Use a PPCC test to test for normality of precipitation.

In [None]:
dist_precip = Normal()
dist_precip.fit(climate_df["PRCP_cville"], "MLE")
dist_precip.ppccTest(climate_df["PRCP_cville"], "Normal Fit")
dist_precip.p_value_PPCC

We do not reject that the precipitation data is normal, so we do not need to transform it. Let's repeat with the temperature data.

In [None]:
dist_temp = Normal()
dist_temp.fit(climate_df["TAVG_cville"], "MLE")
dist_temp.ppccTest(climate_df["TAVG_cville"], "Normal Fit")
dist_temp.p_value_PPCC

Once again, we do not reject that the temperature data is normal, so we do not need to transform it.

### Ensuring the Mahalanobis distance has a $\chi^2$ distribution

Below we write a class for the $\chi^2$ distribution that initializes it with its single parameter (the number of degrees of freedom), and tests the goodness of fit with a PPCC test.

In [None]:
class ChiSq(Distribution):
  def __init__(self):
    super().__init__()
    self.df = None

  def ppccTest(self, data, title, m=10000):
    # calculate test statistic, rho
    x_sorted = np.sort(data)
    p_observed = ss.mstats.plotting_positions(x_sorted)
    x_fitted = ss.chi2.ppf(p_observed, self.df)
    self.ppcc_rho = np.corrcoef(x_sorted, x_fitted)[0,1]

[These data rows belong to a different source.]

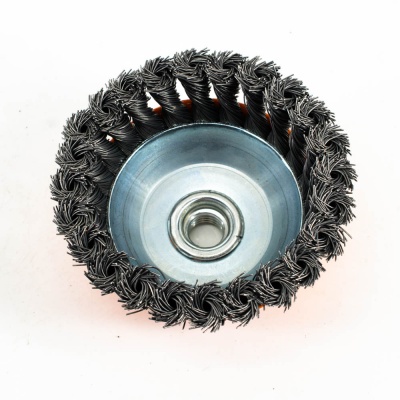 Щетка-крацовка "чаша" витая,жесткая проволока 100мм 0,5мм М14мм для УШМ арт.36200100 Bohrer *1/50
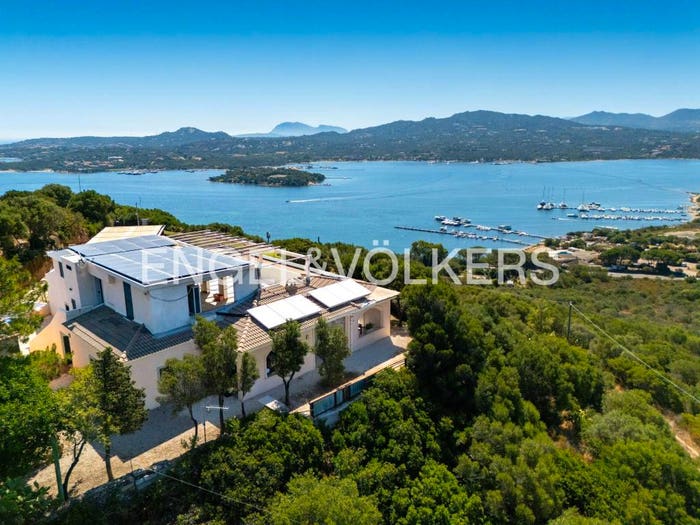Casa con 6 locali in vendita in Cugnana, Olbia
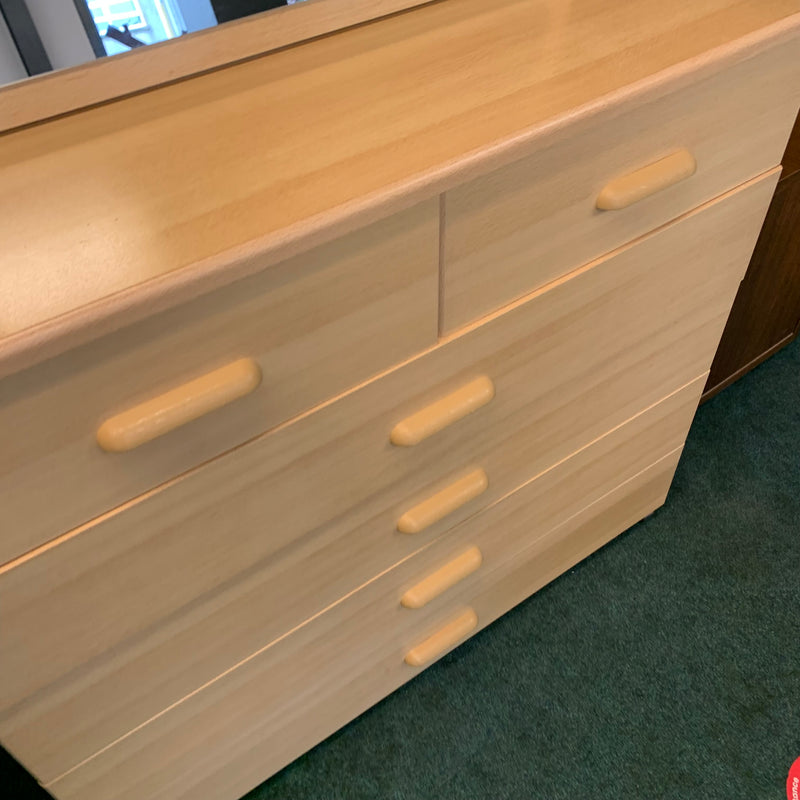 Chest of drawers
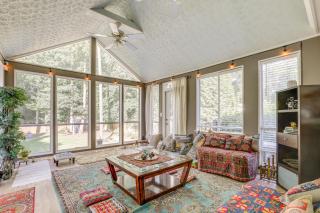 6 Mi to Stone Mountain Park Home with Deck! - Lilburn - 8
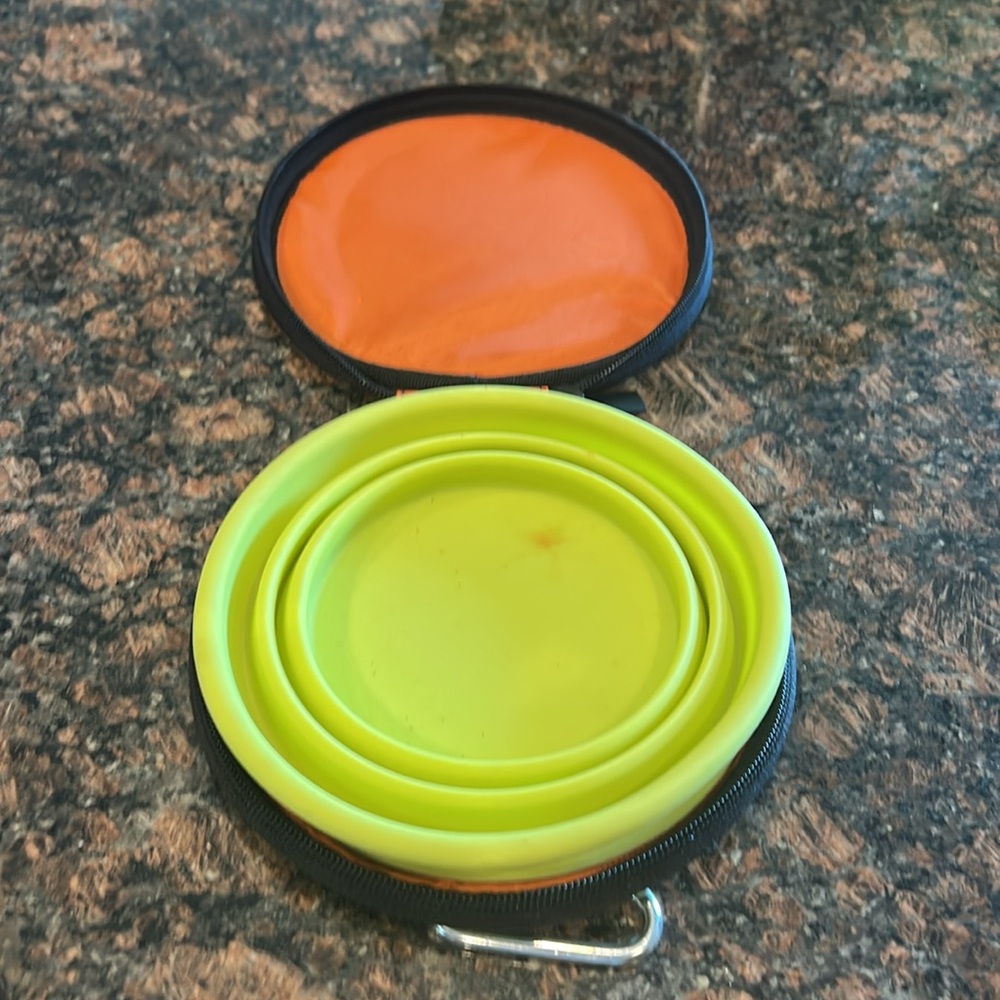 Top Paw Dog Bowl Collapsible NWT On the Go Travel Blue Orange Yellow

    # generate m synthetic samples of n observations to estimate null distribution of rho
    rhoVector = np.zeros(m)
    for i in range(m):
      np.random.seed(i)
      x = ss.chi2.rvs(self.df, size=len(data))
      rhoVector[i] = np.corrcoef(np.sort(x), x_fitted)[0,1]

    # calculate p-value of test and make QQ plot
    count = 0
    for i in range(len(rhoVector)):
      if self.ppcc_rho < rhoVector[i]:
        count = count + 1

    self.p_value_PPCC = 1 - count/(len(rhoVector) + 1)

    # make Q-Q plot
    plt.scatter(x_sorted,x_fitted,color='b')
    plt.plot(x_sorted,x_sorted,color='r')
    plt.xlabel('Observations')
    plt.ylabel('Fitted Values')
    plt.title(title)
    plt.show()

We can compute the Mahalanobis distances of all observations from the mean using the function [scipy.spatial.distance.mahalanobis](https://docs.scipy.org/doc/scipy/reference/generated/scipy.spatial.distance.mahalanobis.html), which takes in three arguments: the coordinates of the two points between whose distance is being calculated (the observations and the mean), and the inverse of the covariance matrix between the variables.

In [None]:
from scipy.spatial import distance

mu = np.mean(climate_df[["PRCP_cville","TAVG_cville"]],axis=0)
print("Mean vector: \n", mu)
cov = np.cov(climate_df[["PRCP_cville","TAVG_cville"]].T)
print("Covariance matrix: \n", cov)

dists = np.zeros(len(climate_df.index))

for i in range(len(dists)):
  dists[i] = distance.mahalanobis(climate_df[["PRCP_cville","TAVG_cville"]].iloc[i], mu, np.linalg.inv(cov))

dists_chi2fit = ChiSq()
dists_chi2fit.df = 2 # number of variables
dists_chi2fit.ppccTest(dists**2, "Chi-Squared Fit")
dists_chi2fit.p_value_PPCC

We do not reject that the Mahalanobis distances come from a $\chi^2$ distibution with 2 degrees of freedom (for the 2 variables: average monthly summer precipitation and temperature in Charlottesville). This suggests the MVN distribution is appropriate.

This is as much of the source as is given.